• DESCRIPTION OF THE TASK: Pictures stay out of the copy. Retype exactly the lines below from the one with "Bedroom featuring vaulted" through the one with "A fishing rod".

• INFORMATION GIVEN:

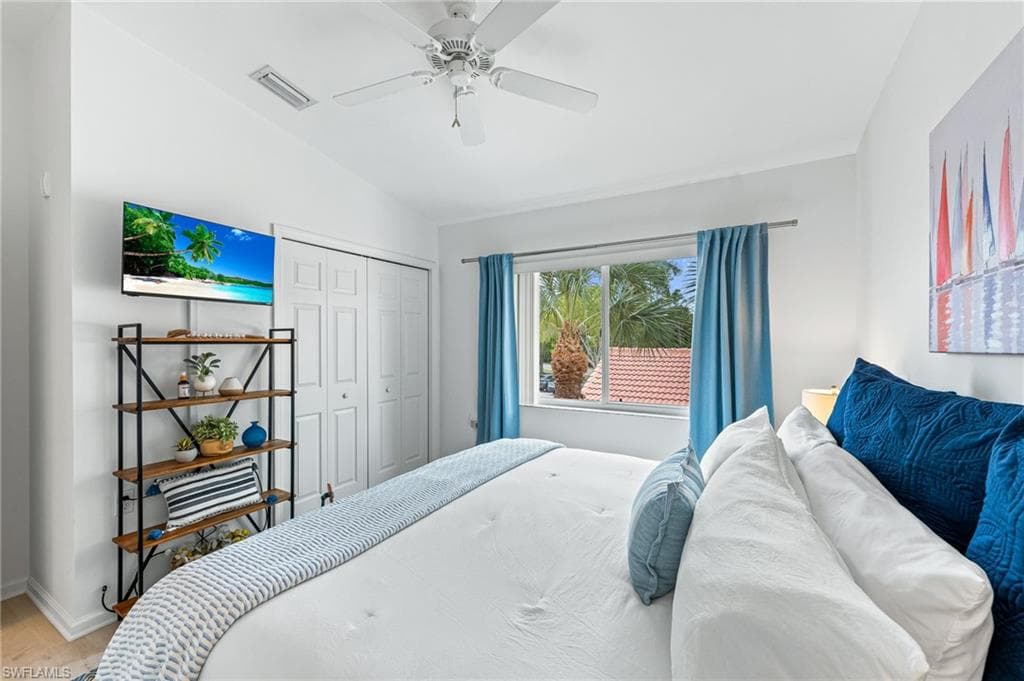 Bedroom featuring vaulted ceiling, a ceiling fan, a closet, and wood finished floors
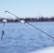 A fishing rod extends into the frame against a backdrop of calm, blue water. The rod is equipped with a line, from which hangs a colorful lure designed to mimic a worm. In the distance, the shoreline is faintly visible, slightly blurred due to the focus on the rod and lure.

* * *

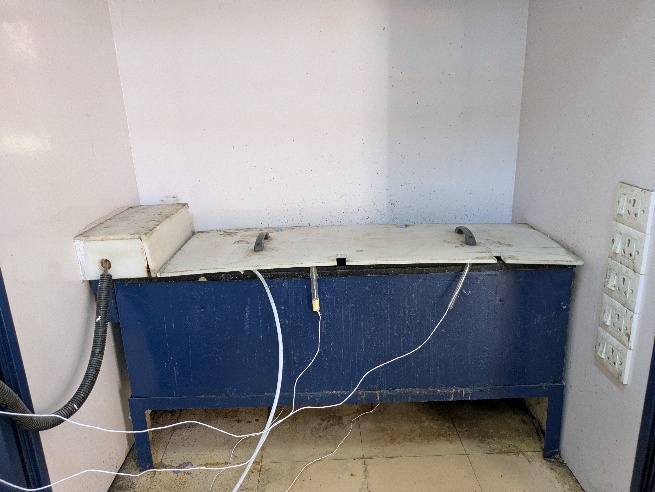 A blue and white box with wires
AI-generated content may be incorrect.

• SOLUTION TO THIS PROBLEM:
 Bedroom featuring vaulted ceiling, a ceiling fan, a closet, and wood finished floors
 A fishing rod extends into the frame against a backdrop of calm, blue water. The rod is equipped with a line, from which hangs a colorful lure designed to mimic a worm. In the distance, the shoreline is faintly visible, slightly blurred due to the focus on the rod and lure.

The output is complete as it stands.